Problem >> For this exercise, write out only the lines of the entries below from the one with "El incendio de" up to and including the one with "More Photos Of", exactly as they are. Pictures stay out.

Material provided >>
[Start of Attachment]

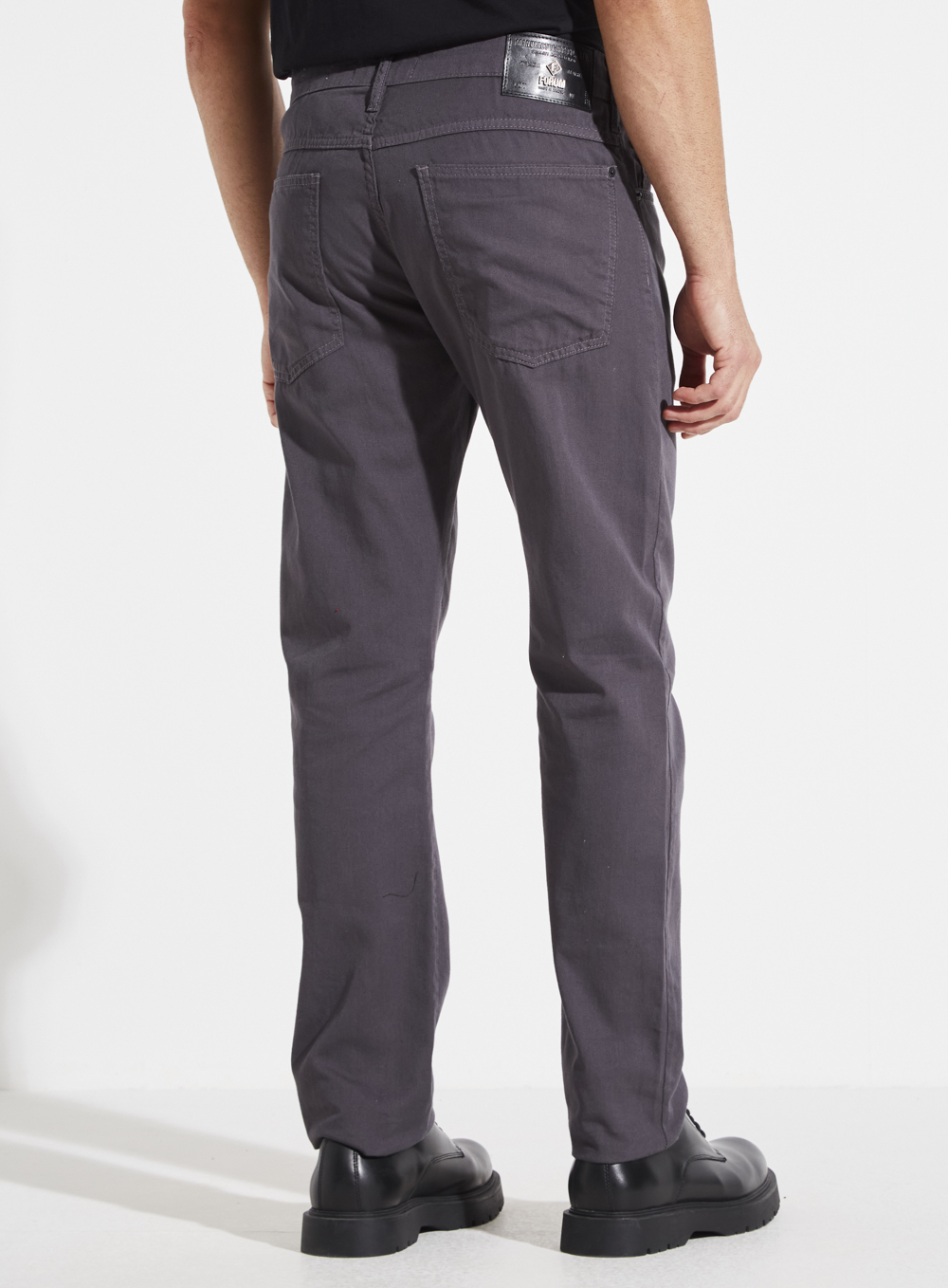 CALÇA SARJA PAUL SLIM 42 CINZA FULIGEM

[End of Attachment]
[Start of Attachment]

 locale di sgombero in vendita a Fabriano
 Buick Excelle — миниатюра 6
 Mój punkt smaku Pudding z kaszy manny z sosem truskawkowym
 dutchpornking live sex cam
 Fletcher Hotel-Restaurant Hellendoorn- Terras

[End of Attachment]
[Start of Attachment]

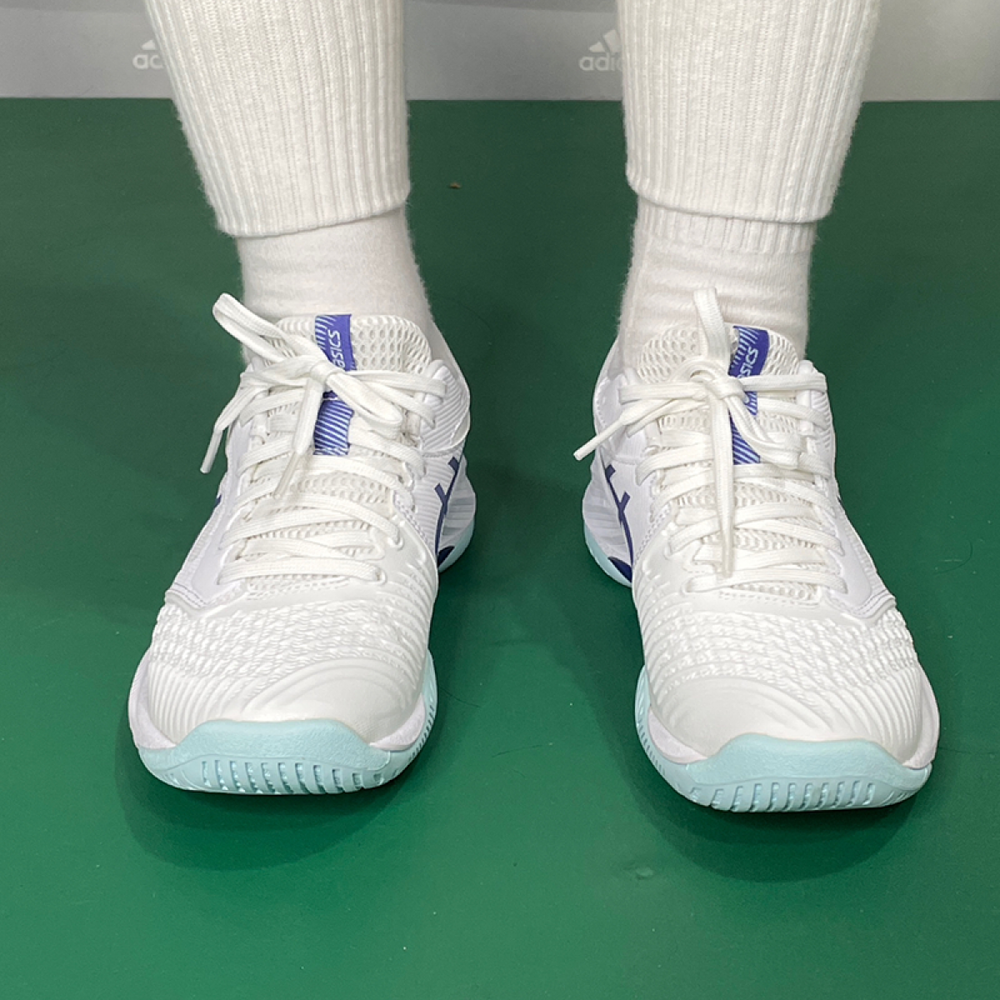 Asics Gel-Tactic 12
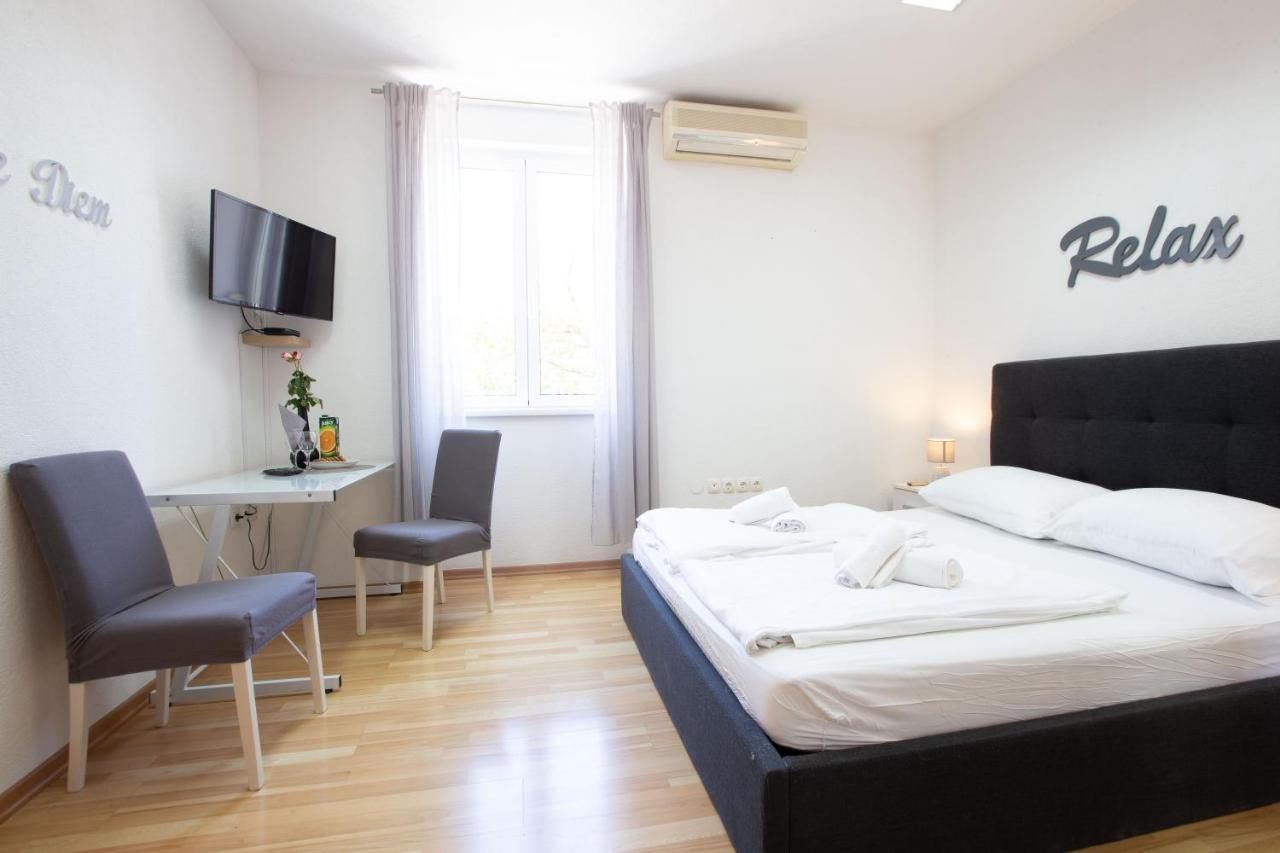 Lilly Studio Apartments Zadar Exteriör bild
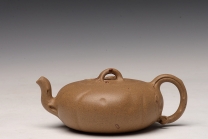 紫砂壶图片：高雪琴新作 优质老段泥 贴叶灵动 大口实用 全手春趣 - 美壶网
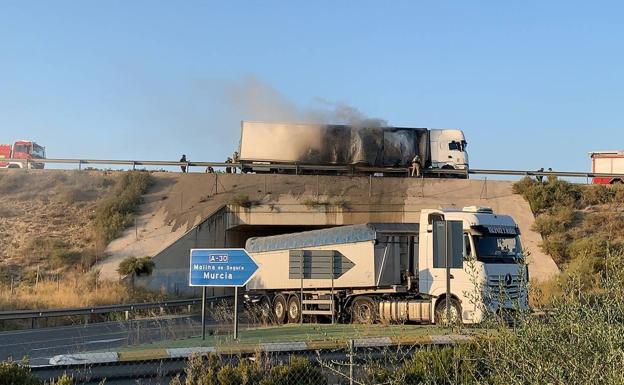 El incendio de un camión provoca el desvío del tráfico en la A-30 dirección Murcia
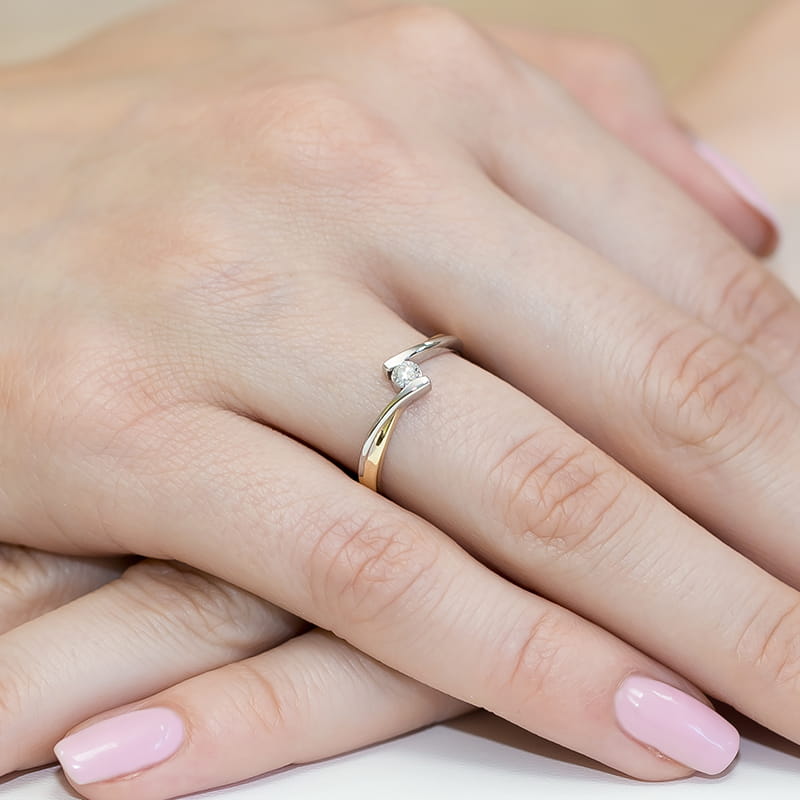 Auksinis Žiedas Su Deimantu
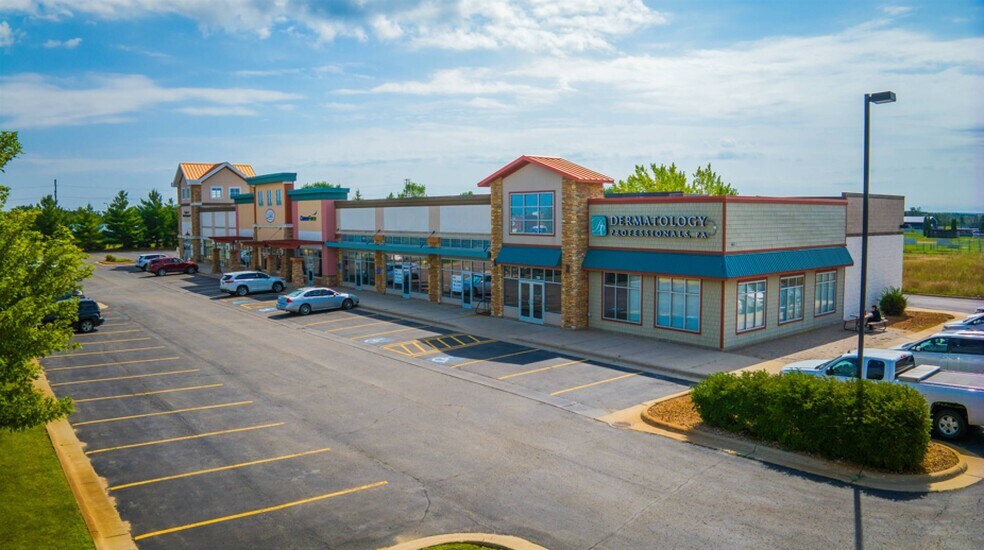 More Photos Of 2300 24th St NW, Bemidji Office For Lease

[End of Attachment]

Expected answer >>
 El incendio de un camión provoca el desvío del tráfico en la A-30 dirección Murcia
 Auksinis Žiedas Su Deimantu
 More Photos Of 2300 24th St NW, Bemidji Office For Lease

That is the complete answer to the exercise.